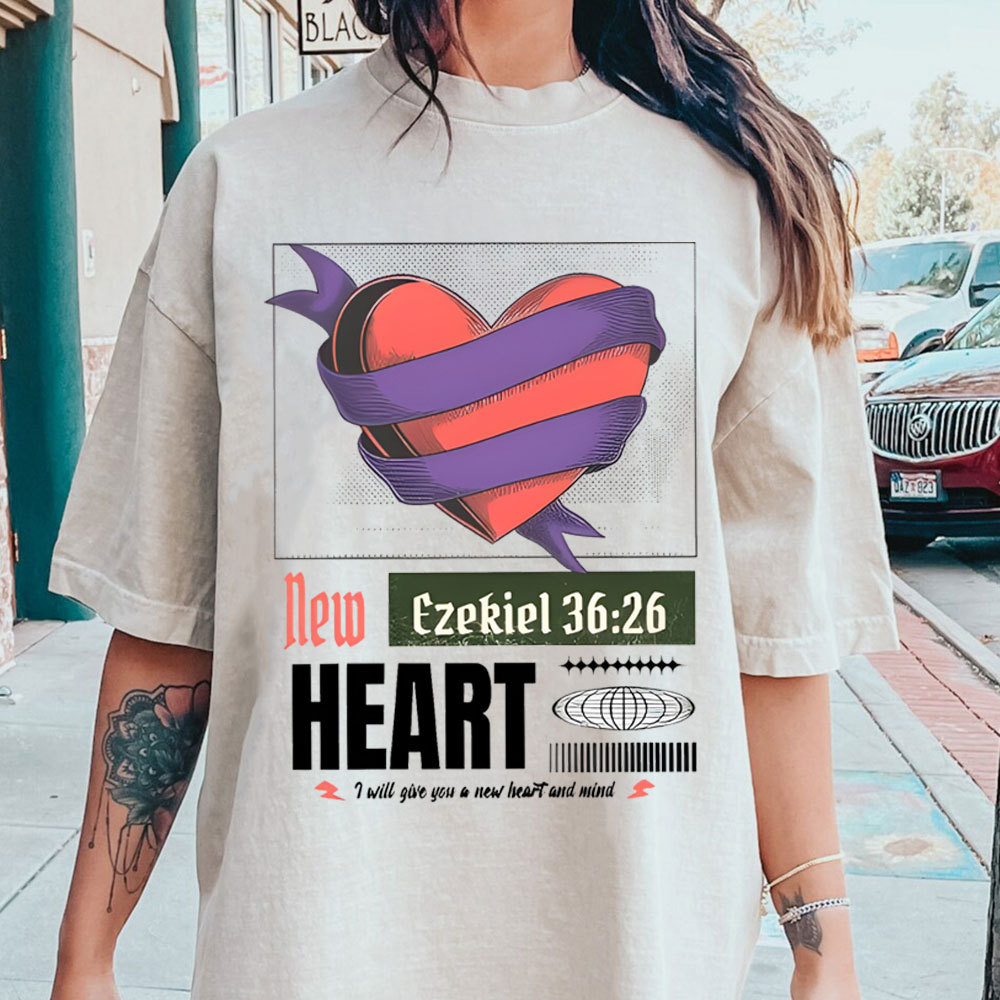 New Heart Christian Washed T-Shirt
::::::::::
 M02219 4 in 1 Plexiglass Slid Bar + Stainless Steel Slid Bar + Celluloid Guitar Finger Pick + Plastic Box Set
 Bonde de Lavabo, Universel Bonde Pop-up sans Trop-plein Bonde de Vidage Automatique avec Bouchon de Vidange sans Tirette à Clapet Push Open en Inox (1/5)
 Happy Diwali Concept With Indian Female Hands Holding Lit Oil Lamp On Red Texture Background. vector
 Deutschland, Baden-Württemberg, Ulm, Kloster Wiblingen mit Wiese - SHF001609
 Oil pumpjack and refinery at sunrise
::::::::::
> [THE PROBLEM] All that is needed is the exact run of lines above from the line containing "Deutschland, Baden-Württemberg, Ulm, Kloster" through the line containing "Oil pumpjack and refinery at sunrise", both of them included.

> [EXERCISE ANSWER]
 Deutschland, Baden-Württemberg, Ulm, Kloster Wiblingen mit Wiese - SHF001609
 Oil pumpjack and refinery at sunrise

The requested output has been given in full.